It is now clear that the lung epithelium presents a series of impressive
barriers to gene therapy, barriers that have evolved over millions
of years as defense systems to ward off invading pathogens and keep
the lungs clear and healthy for gas conductance and exchange. As
far as the epithelium is concerned, gene therapy complexes represent
just another class of invaders that need to be repelled. The short-lived
gene expression seen in early trials revealed one aspect of lung
defense that has evolved to switch off the genes of malevolent intruders
such as viruses. The CF lung is an even more formidable target,
because the sticky mucus layer physically traps many kinds of gene
therapy complex and prevents their efficient entry into cells.
| “…modified
viruses have been the most used carriers or vectors for delivering
normal CFTR in gene therapy” |
The greatest challenge for CF gene therapy research therefore involves
efficiently breaching these barriers. We have learnt much from viruses
such as adenovirus, which have evolved efficient means of entering
cells. Indeed, modified viruses have been the most used carriers
(or vectors) for delivering normal CFTR in gene therapy. However,
until we solve the problem of keeping the introduced gene working
for a long time, we are going to need to deliver gene therapy complexes
at regular intervals. The efficiency of the immune system (even
in CF patients) at building up immunity over time means that viruses
cannot currently be used as carriers for this purpose. Also, serious
adverse effects have been reported recently in (non-CF) gene therapy
trials involving viruses. Because of these and other perceived drawbacks
of viruses, more effort is currently being expended towards developing
non-viral or synthetic means of delivering the CFTR gene. The main
drawback of non-viral delivery methods is their relative inefficiency,
but new methods, including the addition of small pieces of protein
that allow the complex to home in on epithelial cells, are being
developed. By such means and others, we are beginning to increase
delivery efficiency and expect to devise effective formulations
in the foreseeable future.
Recent developments
| “ results
have just been published in full, confirming partial reconstitution
of CFTR function” |
Two gene therapy trials in the US have reported recently. In one,
a Phase II trial, a recombinant adeno-associated virus carrying
CFTR was administered to the maxillary sinuses of 23 patients with
antrostomies (an opening in the sinus for the purpose of drainage).

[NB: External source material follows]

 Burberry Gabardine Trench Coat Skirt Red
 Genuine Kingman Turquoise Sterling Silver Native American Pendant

While the treatment was safe and well tolerated, most of the endpoint
measurements showed no statistically significant changes, and it
is difficult to conclude that the intervention had a positive effect.

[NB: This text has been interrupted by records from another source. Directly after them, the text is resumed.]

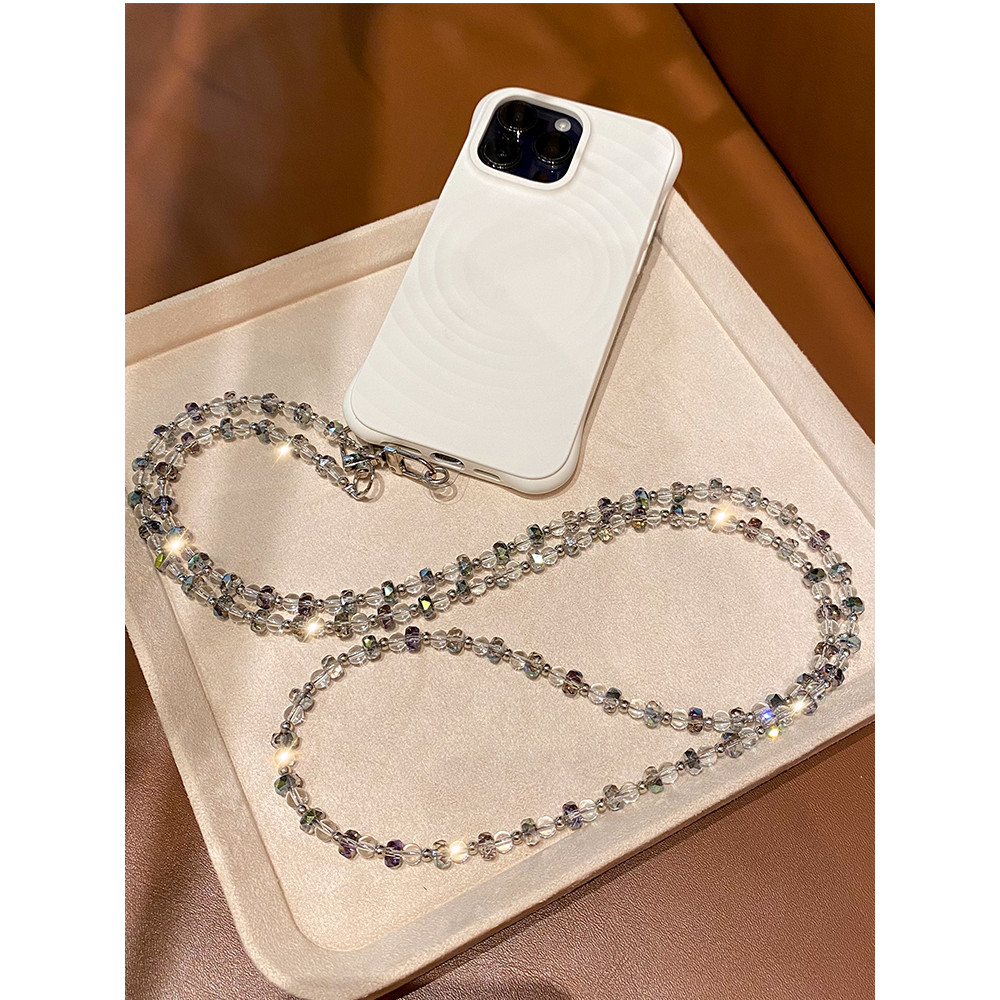 Crossbody cordão para celular luxo cristal Halter pescoço Anti-perdido Universal chaveiro pulseira corda de pulso influe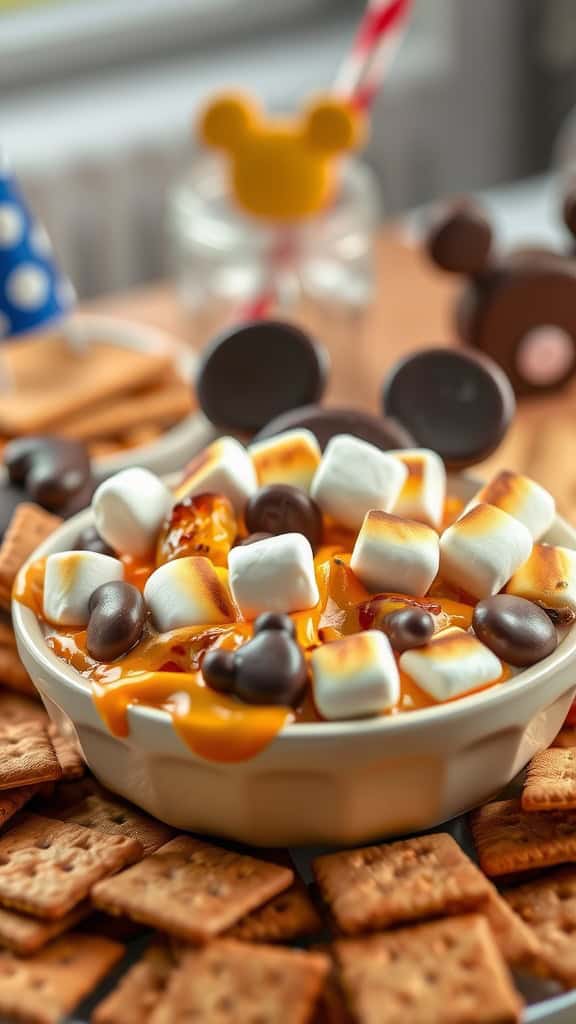 A bowl of Mickey Mouse S'Mores Dip surrounded by graham crackers.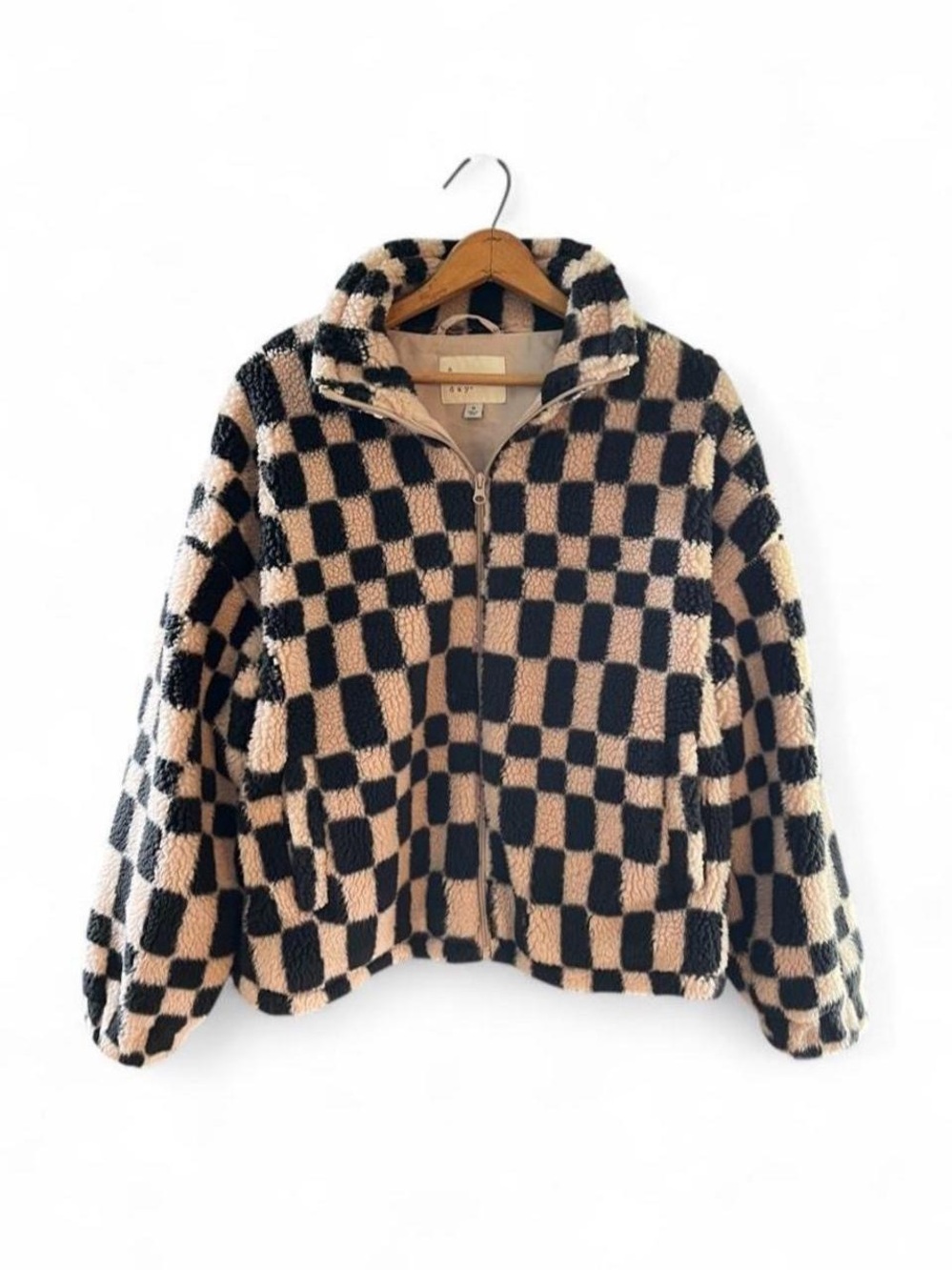 Black Pink Checkered Sherpa Fleece Jacket Zip Up Cozy Y2K Plaid A New Day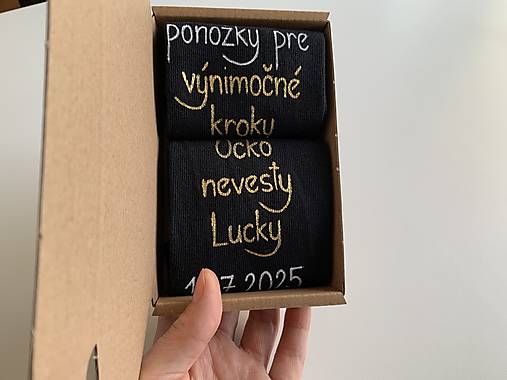 Maľované ponožky pre ocka nevesty čierne folk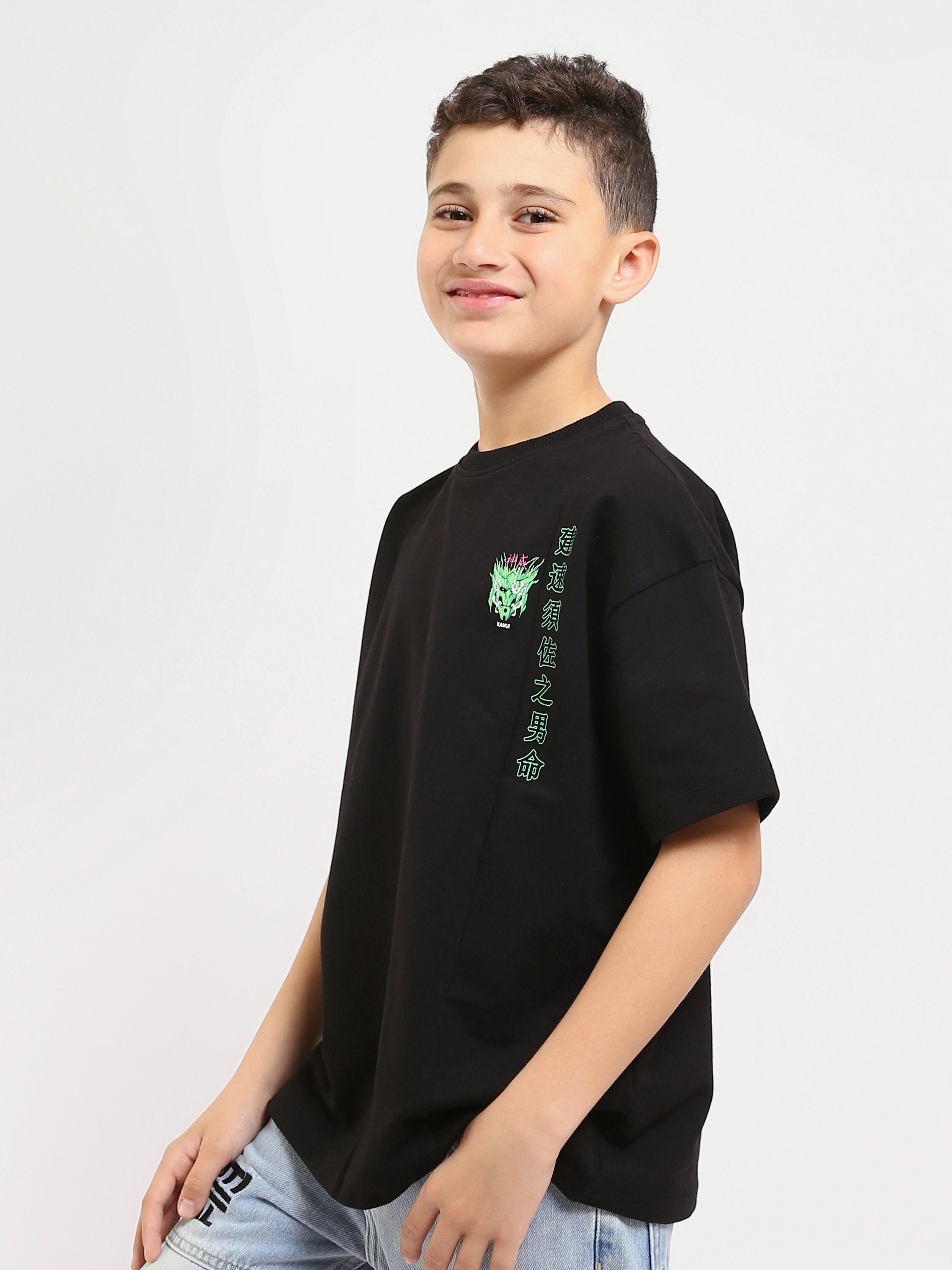 T-shirt Noir Garçon avec Imprimé KAMUI - Style Urbain et Tendance - TSH25SPRO32714TB1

In the other trial (Phase I), a proprietary non-viral formulation
containing compacted DNA nanoparticles, was used to deliver CFTR
to the noses of 12 patients. There were no significant side effects
and interestingly, as in some earlier nasal trials, there was a
trend towards correction of the potential difference defect in a
proportion of treated patients. The results have just been published
in full, confirming partial reconstitution of CFTR function. Further
studies of this interesting formulation are being carried out.

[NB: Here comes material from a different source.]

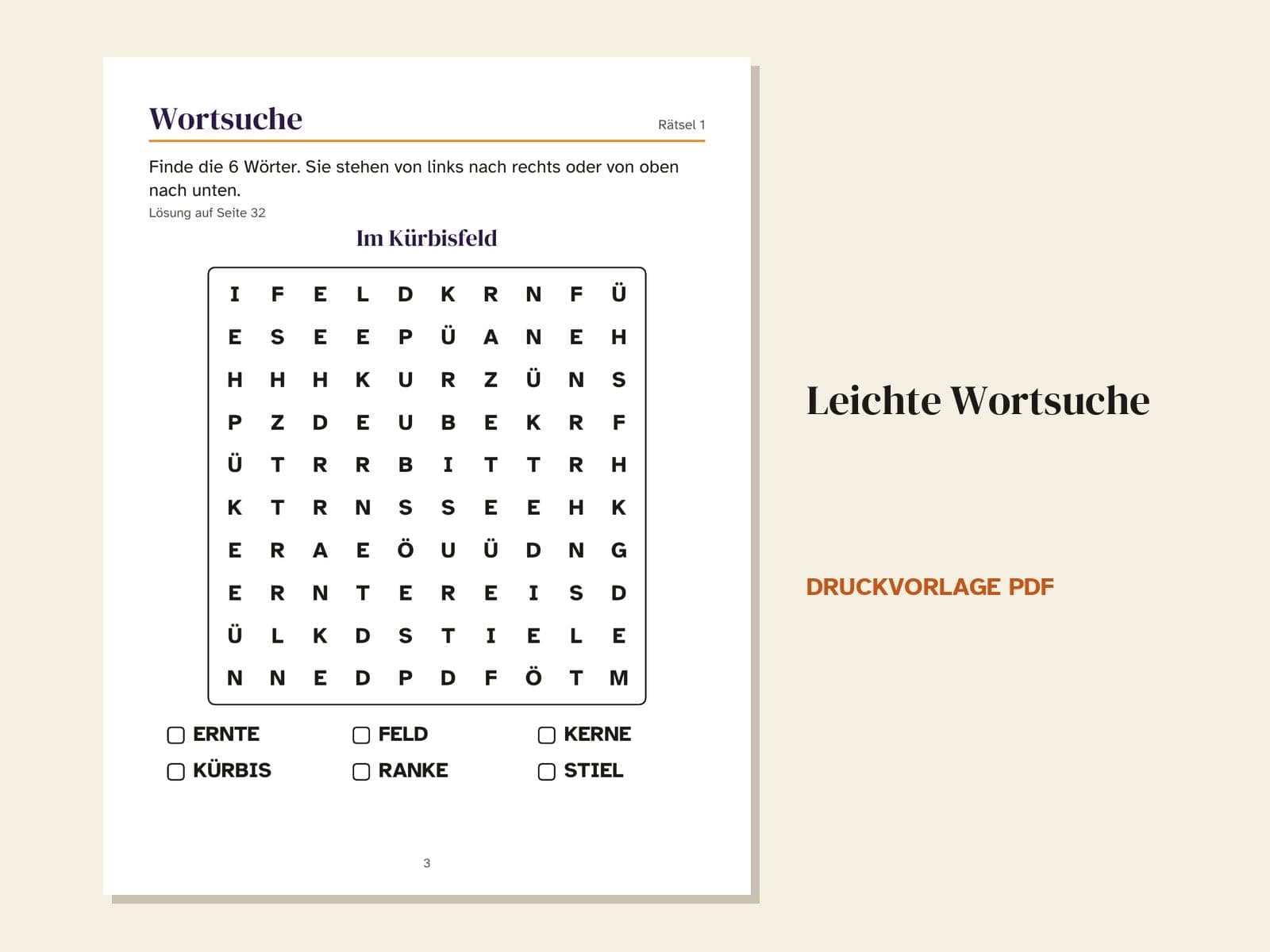 A page from the book: easy word searches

New approaches to CF gene therapy
| “This ambitious
initiative has allowed us to combine forces to evaluate and
devise new approaches to CF gene therapy” |
The CF Trust has set up the UK CF Gene Therapy Consortium (UKCFGTC)
which combines the research efforts of three leading CF gene therapy
centres in Oxford University, London (Imperial College) and Edinburgh
University with the express aim of developing effective formulations
for clinical use. This ambitious initiative has allowed us to combine
forces to evaluate and devise new approaches to CF gene therapy.
We are focused on initiating a clinical trial in 2006, and pre-clinical
testing of a range of gene transfer agents is under way. Other approaches
being studied by the UKCFGTC, some more futuristic, are described
below.
How can long term CFTR production be achieved?
As mentioned above, the first generation of gene therapy vectors
functioned for only a short time. Consequently, improvement in vector
design is necessary in order to establish long-term clinical benefit.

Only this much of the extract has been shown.